The Historic Line, or Gold Line, connects Ras Bu Aboud and Al Aziziya. There are 11 stations along the 14km route.

The Blue Line, or City Line, will be a 17.5km-long semi-circular line linking the West Bay and Airport City North areas along the main C-Ring Road and connecting four stations.

Rolling stock

A consortium of Mitsubishi Heavy Industries (MHI), Mitsubishi Corporation, Hitachi, Kinki Sharyo and Thales submitted a bid for the turnkey construction of a fully automated driverless metro system in March 2014 and received a letter of conditional acceptance (LCA) in February 2015.

The work package included the delivery of 75 sets of three-car trains, tracks, platform screen doors, a railway yard, a signalling system, power distribution, tunnel ventilation and telecommunications. The first four train sets of the Doha Metro were delivered in August 2017.

As the leader of the consortium, MHI is responsible for overall project management, system integration and tunnel ventilation work. It also supplied the power distribution system, platform screen doors and tracks.

The rail cars were supplied by Mitsubishi Corporation in collaboration with Kinki Sharyo. Advanced communications-based train control (CBTC) signalling, telecommunications and security, integrated operational control centre, and automatic fare collection systems will be supplied by Thales.

Hitachi handled part of the project management tasks and maintenance, including the delivery of special maintenance vehicles for the inspection of railway tracks and electric train lines.

In October 2018, Kinki Sharyo received an order to deliver an additional 35 trains, bringing the total fleet to 110. The new fleet is intended to cater to the increased passenger numbers during the FIFA World Cup 2022.

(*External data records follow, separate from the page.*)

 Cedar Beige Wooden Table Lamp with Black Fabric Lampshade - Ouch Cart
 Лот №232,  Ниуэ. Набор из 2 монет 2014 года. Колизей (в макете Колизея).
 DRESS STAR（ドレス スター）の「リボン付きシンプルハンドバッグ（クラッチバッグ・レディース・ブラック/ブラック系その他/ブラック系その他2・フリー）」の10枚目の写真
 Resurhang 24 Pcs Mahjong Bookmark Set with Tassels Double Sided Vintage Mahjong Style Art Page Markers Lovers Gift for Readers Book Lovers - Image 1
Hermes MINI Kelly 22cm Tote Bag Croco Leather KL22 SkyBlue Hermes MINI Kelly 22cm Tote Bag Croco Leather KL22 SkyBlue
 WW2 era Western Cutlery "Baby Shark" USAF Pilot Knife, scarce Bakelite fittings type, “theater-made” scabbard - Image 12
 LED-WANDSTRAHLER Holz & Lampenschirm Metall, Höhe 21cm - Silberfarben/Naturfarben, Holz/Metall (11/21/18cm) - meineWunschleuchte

Doha Metro rail infrastructure details

The four lines of the metro will facilitate connectivity between major locations of the city such as Education City and West Bay, Lusail urban development area, Doha Airport, the business and conference centre, and the 2022 FIFA World Cup stadiums.

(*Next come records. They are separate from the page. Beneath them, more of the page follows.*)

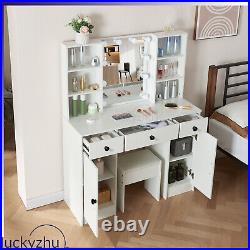 Vanity Desk Set with 10 LED Lights Mirror and 3 Drawers and Chair, Cabinets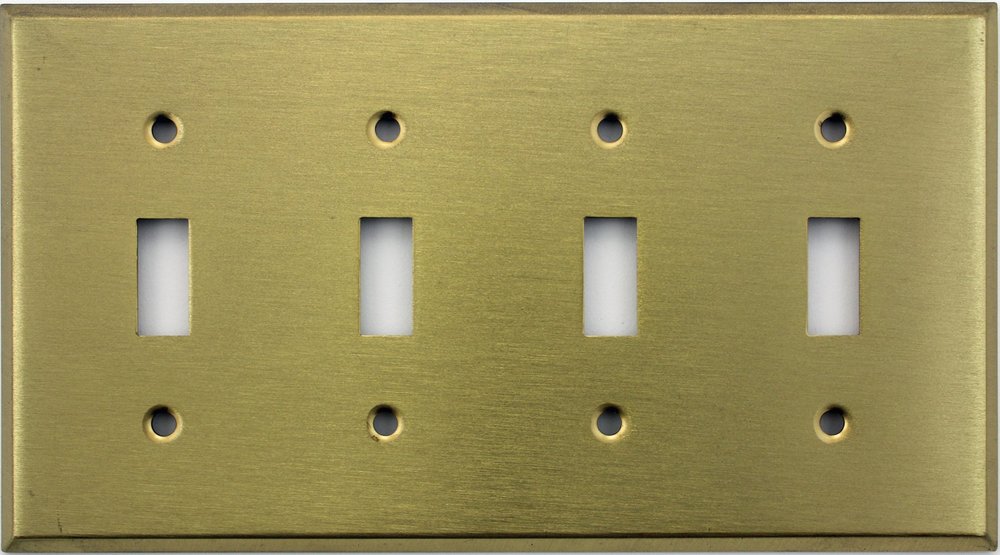 Stamped Satin Brass 4 Gang Toggle Switch Wall Plate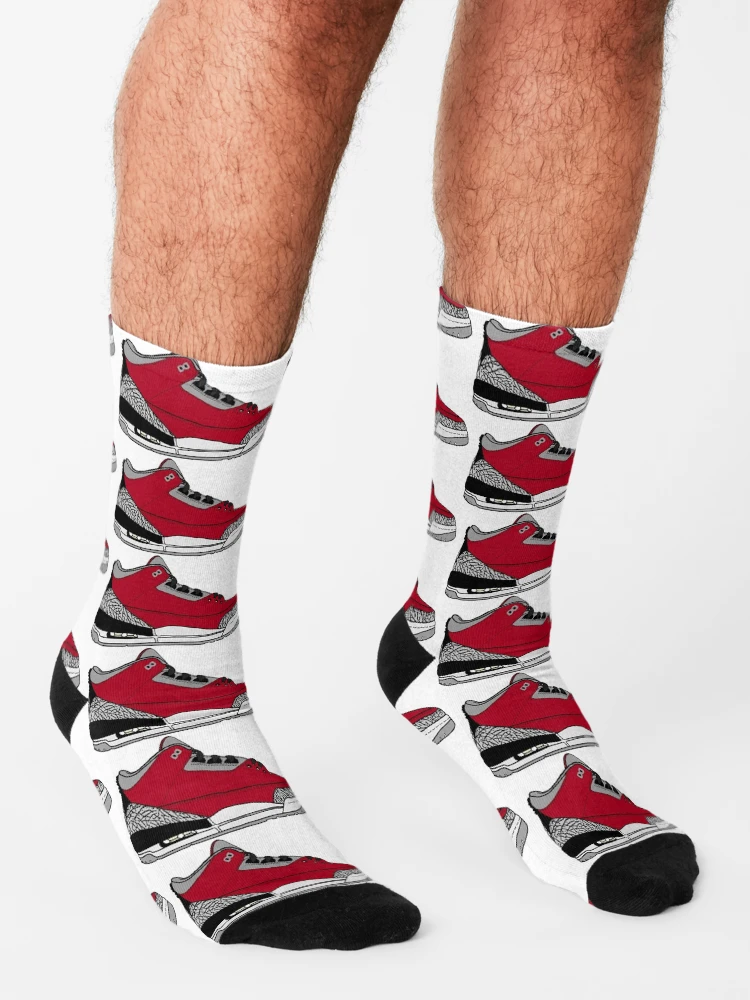 Red and white jordan socks on sale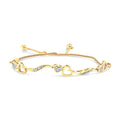 Wave Diamond Cttw 1/10 4"-10" .925 Gold Sterling Bolo 14K Color, Bracelet (I-J and Silver Adjustable I3 Hearts Plated Clarity) Yellow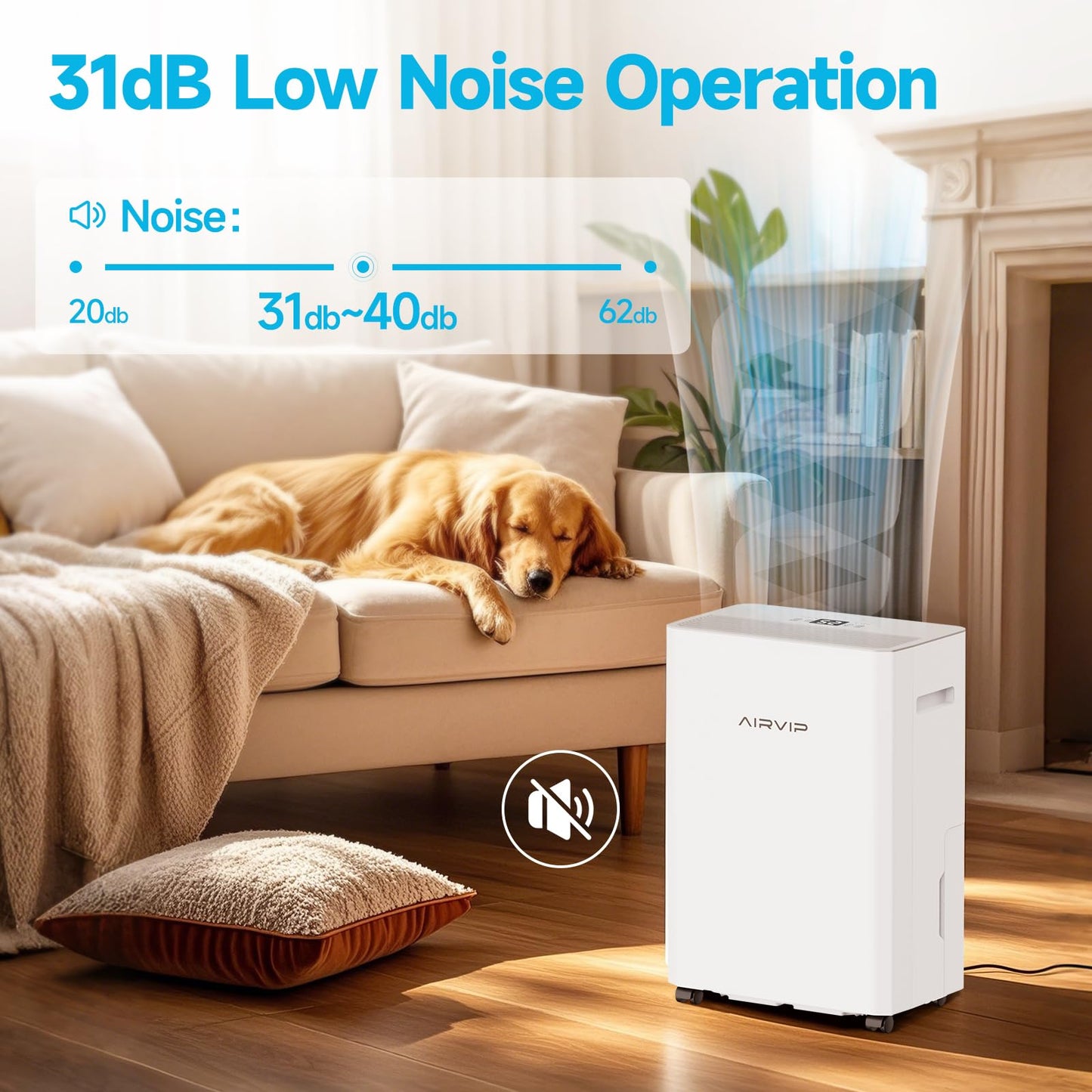 AIRVIP 34 Pints Dehumidifiers for Home with 6.56ft Drain Hose, 2441 Sq.Ft Quite & Energy Efficient Dehumidifier for Basement Bedroom Bathroom with Auto Shut Off,2.5 L Water Tank,Smart Humidity Control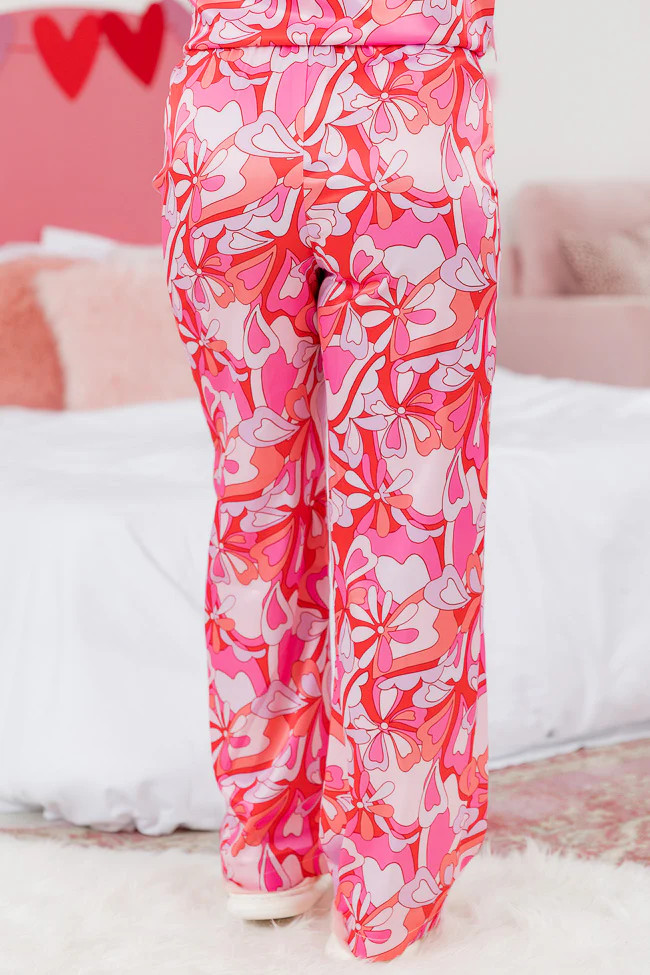 To The Moon and Back Multi Print Silk Pajama Pants | Pink Lily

The majority of the metro infrastructure is underground and involved the construction of tunnels. Tunnel boring machines (TBMs) were used to dig the underground sections. The Red and Green lines also include elevated and at-grade sections.

Contractors involved in the project

Project management and consulting engineering contract for the Red line was awarded to Jacobs Engineering in 2013, while a similar contract for the Gold Line and the main stations was awarded to a team comprising of Louis Berger and Egis Rail. Hill International was contracted to manage the Green Line. The total value of these three contracts is estimated to be $313.16m.

A QR55m ($15.1m) safety assessment contract was awarded to Lloyd’s Register in the same year.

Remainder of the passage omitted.